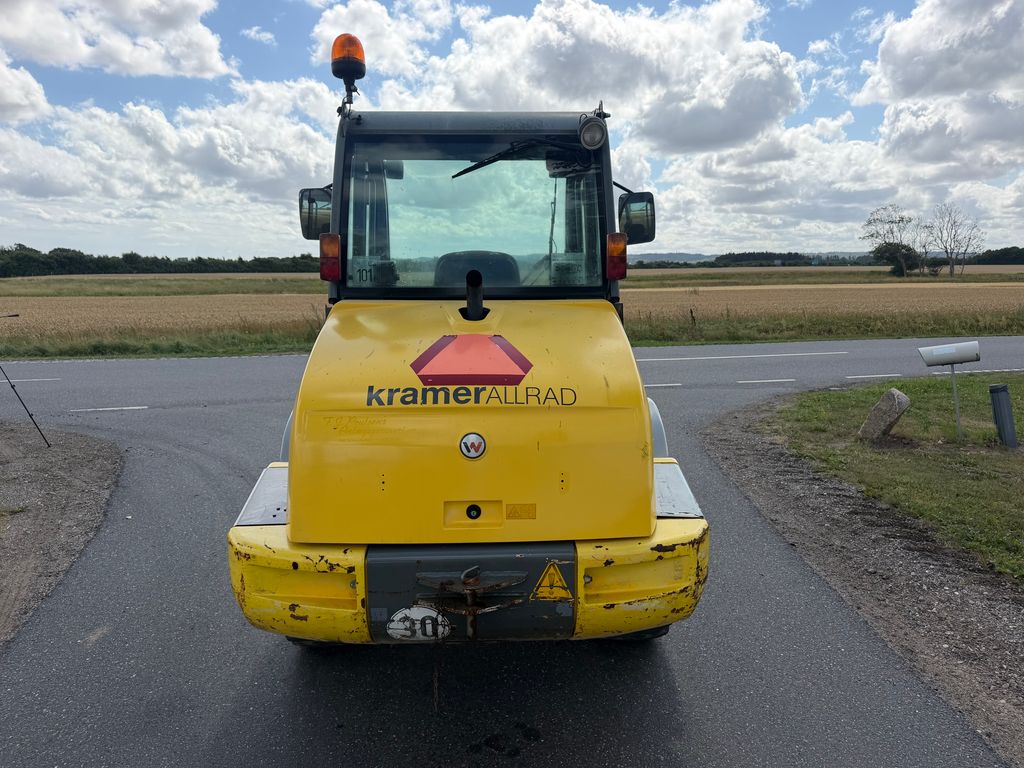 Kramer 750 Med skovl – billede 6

※

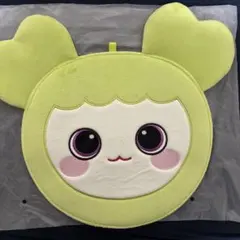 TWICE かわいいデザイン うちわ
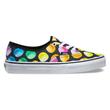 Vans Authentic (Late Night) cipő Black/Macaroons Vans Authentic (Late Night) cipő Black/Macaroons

※

> _EXERCISE AIM_
Everything above from the line containing "TWICE かわいいデザイン うちわ" through the line containing "Vans Authentic (Late Night) cipő Black/Macaroons Vans" must be repeated exactly, and the pictures must be left out.

> _TASK SOLUTION_
 TWICE かわいいデザイン うちわ
 Vans Authentic (Late Night) cipő Black/Macaroons Vans Authentic (Late Night) cipő Black/Macaroons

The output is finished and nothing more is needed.